Sustainability Science - Definition

Definition

Consensual definition of sustainability science is as elusive as the definition of "sustainability" or "sustainable development". As outlined by the Sustainability Science Program at Harvard University's Center for International Development sustainability science seeks to:

Advance basic understanding of the dynamics of human-environment systems; to facilitate the design, implementation, and evaluation of practical interventions that promote sustainability in particular places and contexts; and to improve linkages between relevant research and innovation communities on the one hand, and relevant policy and management communities on the other.

A more broad-based definition is:

The cultivation, integration, and application of knowledge about Earth systems gained especially from the holistic and historical sciences (such as geology, ecology, climatology, oceanography) coordinated with knowledge about human interrelationships gained from the social sciences and humanities, in order to evaluate, mitigate, and minimize the consequences, regionally and worldwide, of human impacts on planetary systems and on societies across the globe and into the future – that is, in order that humans can be knowledgeable Earth stewards.”

It has been noted that the new paradigm

"must encompass different magnitudes of scales (of time, space, and function), multiple balances (dynamics), multiple actors (interests) and multiple failures (systemic faults)."
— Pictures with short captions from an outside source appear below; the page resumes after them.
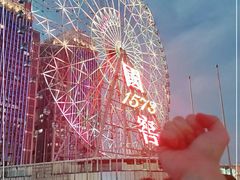 -星城之眼摩天轮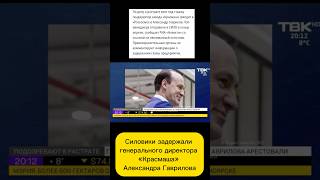 ⚡️ Что известно о задержании гендиректора АО «Красмаша» Александра Гаврилова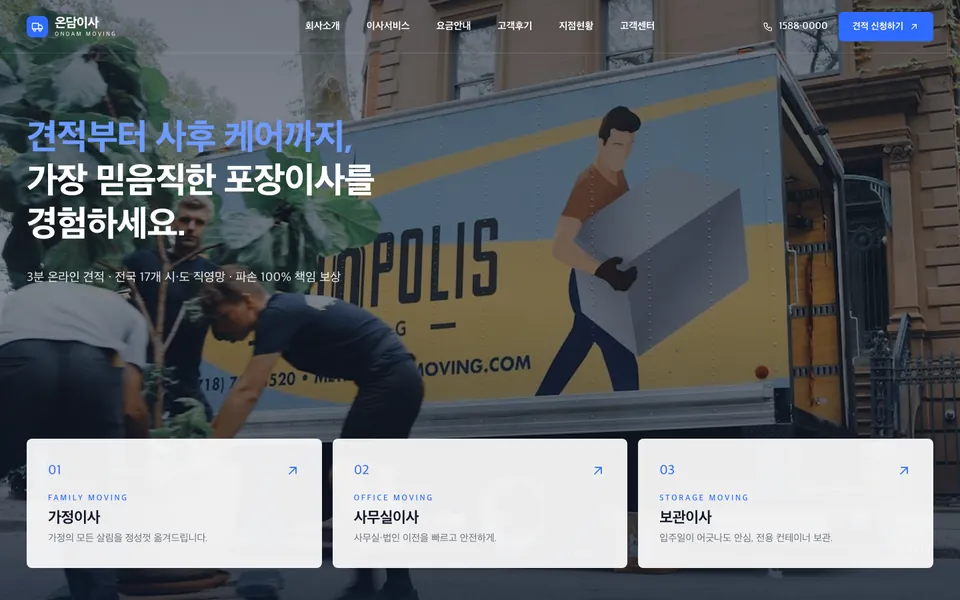 포장이사 미니멀 템플릿 화면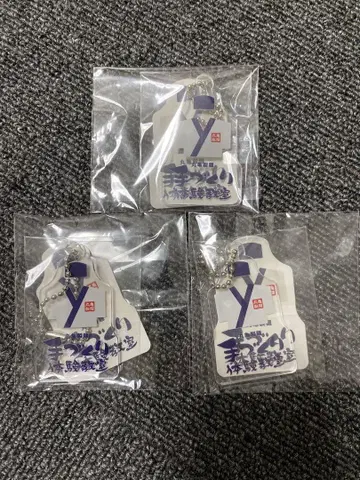 마루가메 제면 키링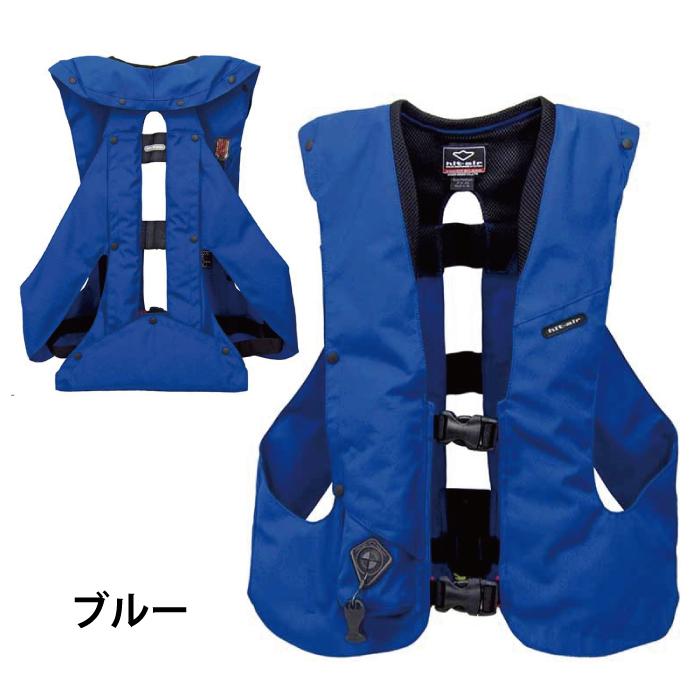 乗馬 ヒットエアー エアバッグ hit-air ベスト プロテクター 乗馬 ヒットエアー エアバッグ hit-air ベスト プロテクター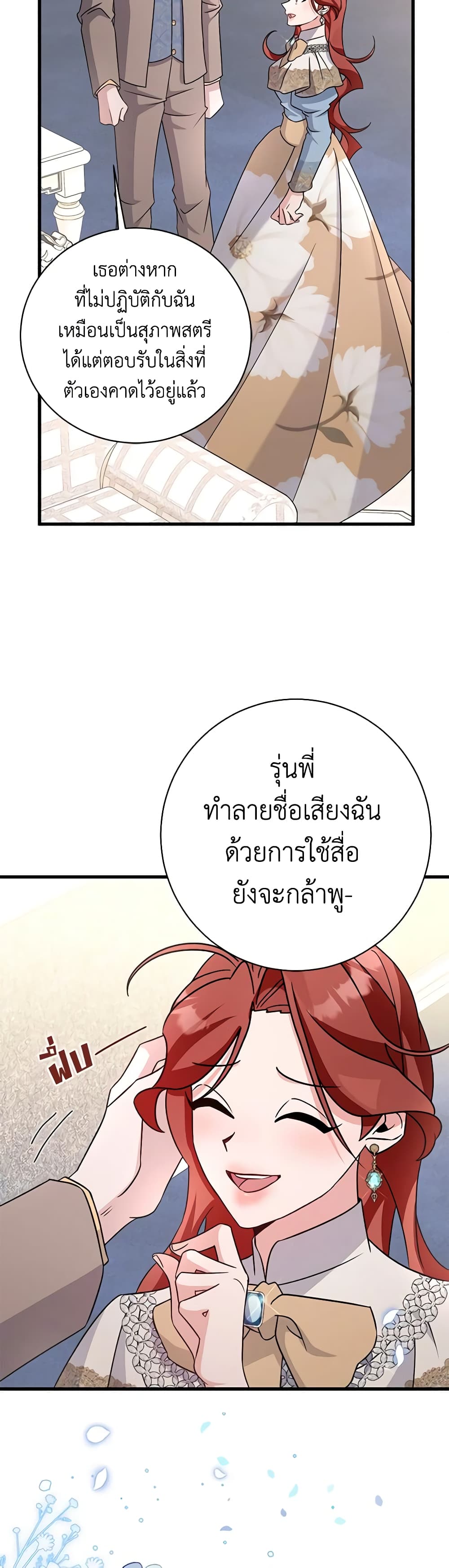 อ่านการ์ตูน I’m Sure It’s My Baby 18 ภาพที่ 35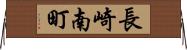 長崎南町 Horizontal Wall Scroll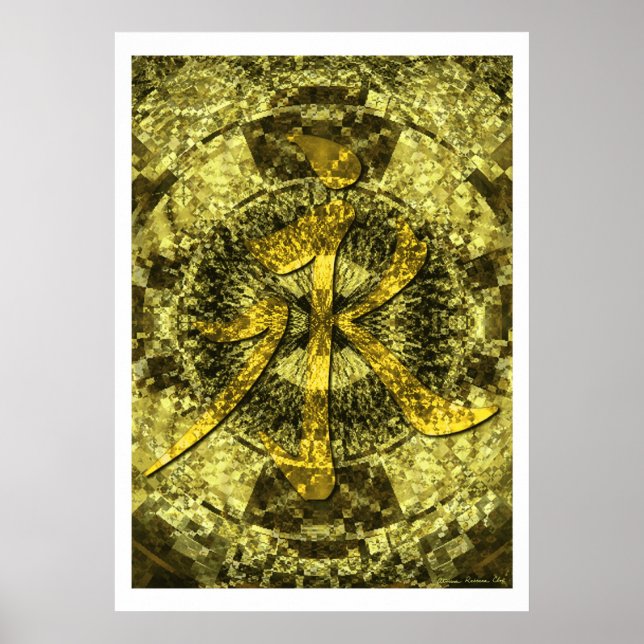 Poster Éternité (Devant)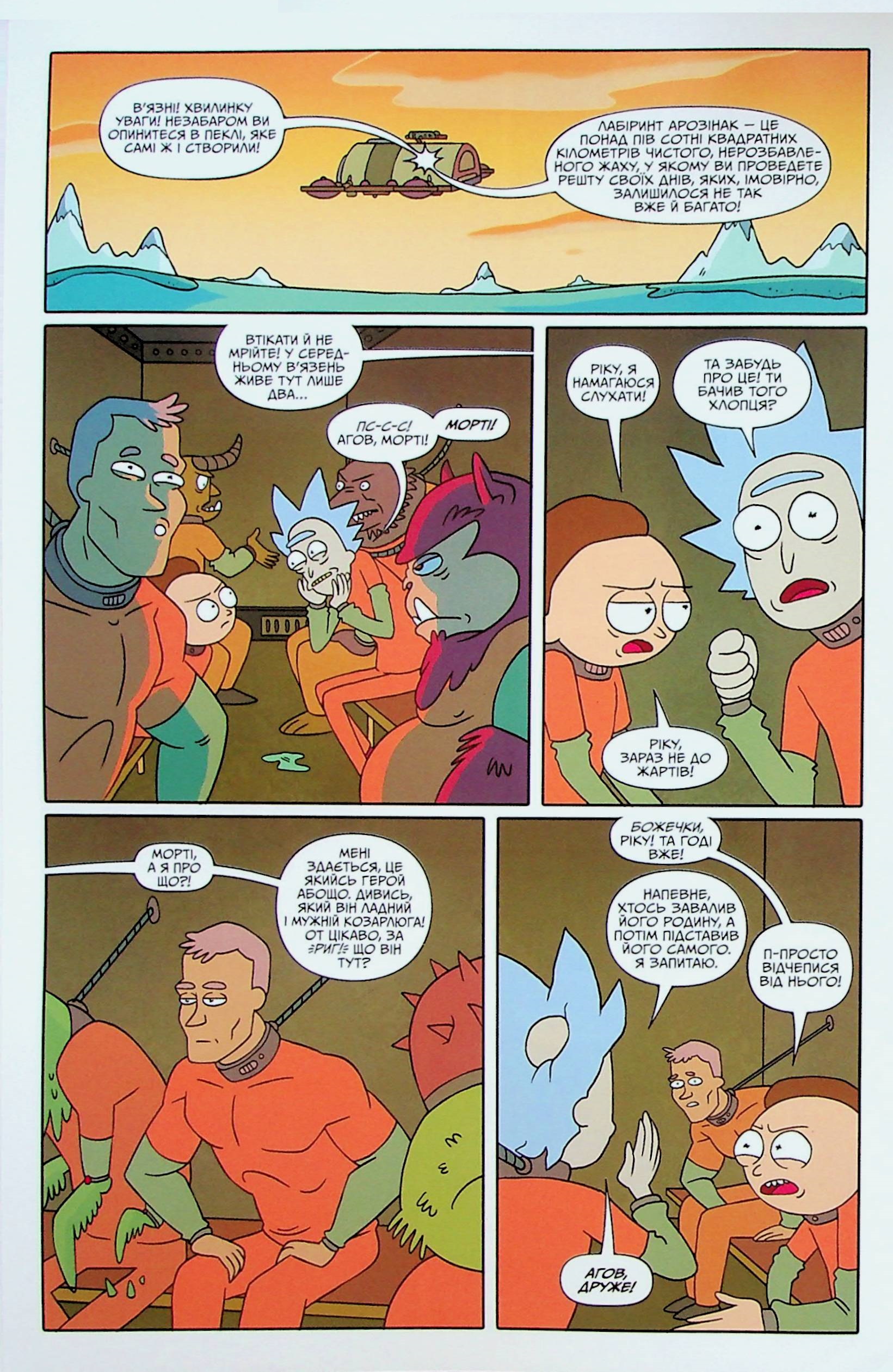 Книга комикс «Рик и Морти. Выпуск 2. Горман З.» (у) (1180) 7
Others take a much broader view of sustainability science, emphasizing the need to analyze the root causes of the fundamental unsustainability of the prevailing economic system, such as the emphasis on growth as key to solving political and social problems and advancying society's well-being. In a 2012 article entitled "Sustainability Science Needs to Include Sustainable Consumption," published in Environment: Science and Policy for Sustainable Development, Halina Brown argues that sustainability science must include the study of the sociology of material consumption and the structure of consumerist society, the role of technology in aggravating the unsustainable social practices, as well as in solving the problems they create, the macroeconomic theories that presuppose economic growth as a necessary condition for advancing societal well-being, and others.